A recurring thing in punk/cyberpunk culture is that the existing system is overbearing, and can't be removed. So the punk elements live in the shadow of that system, and thrive in the cracks, the neglected parts. That's usually why (cyber)punk characters are bottom feeders that do stuff that is either not well known, not profitable, or too risky.

Solarpunk usually describe societies where the negative aspects have just disapeared, and been replaced by stuff that the genre proponents enjoy. From what I read, the claim is that the "punk" aspect is the rebellion against negativity.
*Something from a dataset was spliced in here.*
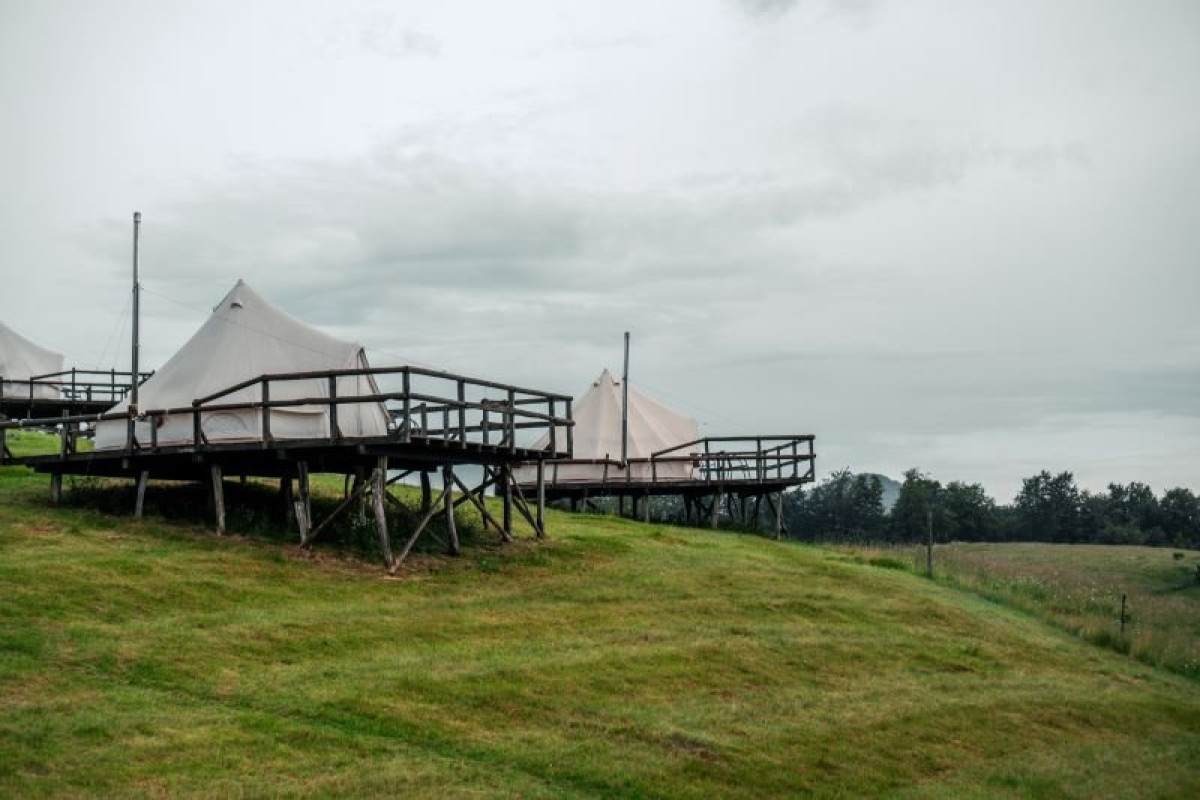 Ursa Mica Glamping Resort CMP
But that's not something we can see in their production.

trinsic2|3 years ago

It seems to me, or I imagine that the solarpunk vision just breads authoritarianism out of its design..

krapp|3 years ago

Arguably, if it's optimistic, it isn't "punk." That "low-life" alienation and rage against the system is what makes it punk - the "cyber" part is just aesthetic.

Anticapitalism isn't punk in a world where the anticapitalists win.

beaconstudios|3 years ago

This is just my headcanon but I think of the punk in solarpunk as being metatextual: it's not rebelling against its own world, it's rebelling against ours, and against the pervasive pessimism of capitalist realism. I think we need something like that in a time where most fictional futures are dystopian.